Abstract:Few-shot Time Series Classification (few-shot TSC) is a challenging problem in time series analysis. It is more difficult to classify when time series of the same class are not completely consistent in spectral domain or time series of different classes are partly consistent in spectral domain. To address this problem, we propose a novel method named Spectral Propagation Graph Network (SPGN) to explicitly model and propagate the spectrum-wise relations between different time series with graph network. To the best of our knowledge, SPGN is the first to utilize spectral comparisons in different intervals and involve spectral propagation across all time series with graph networks for few-shot TSC. SPGN first uses bandpass filter to expand time series in spectral domain for calculating spectrum-wise relations between time series.
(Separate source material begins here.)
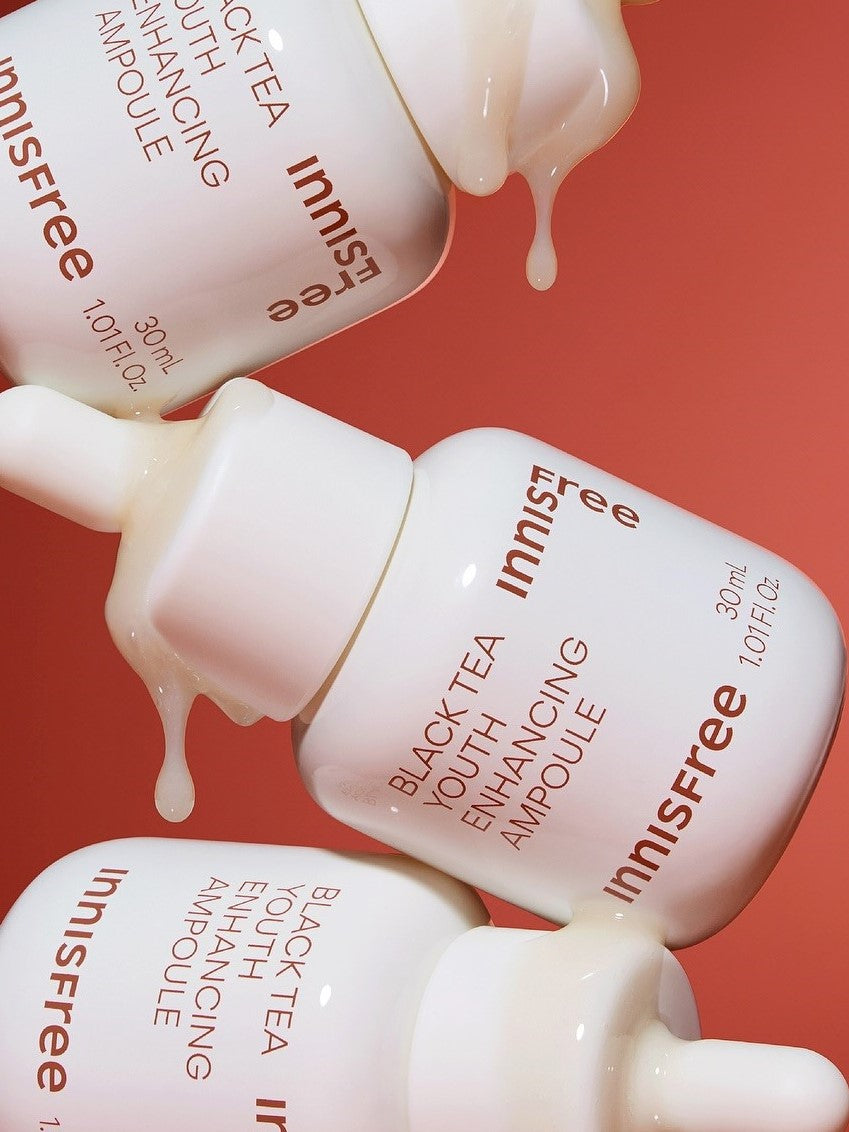 Three Innisfree Black Tea Youth Enhancing Ampoule bottles, white with amber text, dripping essence against a coral background, highlighting its luxurious and rejuvenating formula.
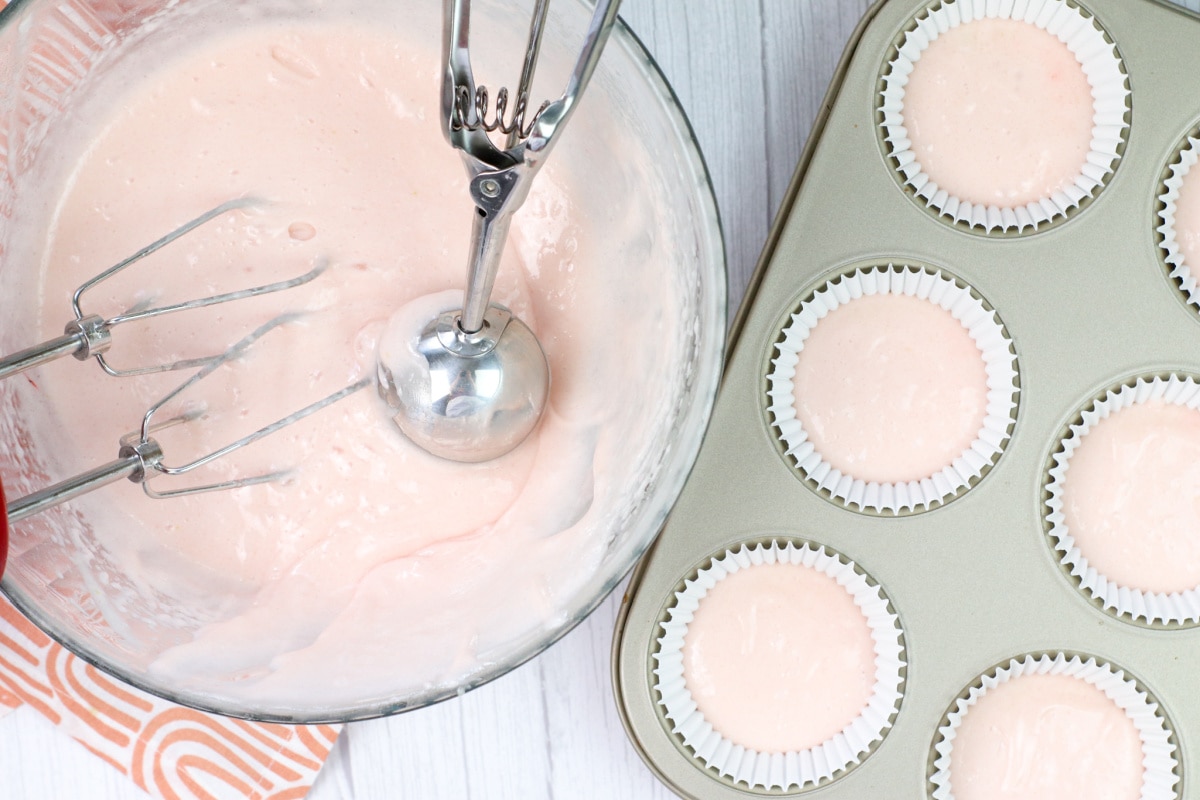 Scooping cupcake batter into tins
Equipped with graph networks, SPGN then integrates spectral relations with label information to make spectral propagation. The further study conveys the bi-directional effect between spectral relations acquisition and spectral propagation. We conduct extensive experiments on few-shot TSC benchmarks. SPGN outperforms state-of-the-art results by a large margin in $4\% \sim 13\%$. Moreover, SPGN surpasses them by around $12\%$ and $9\%$ under cross-domain and cross-way settings respectively.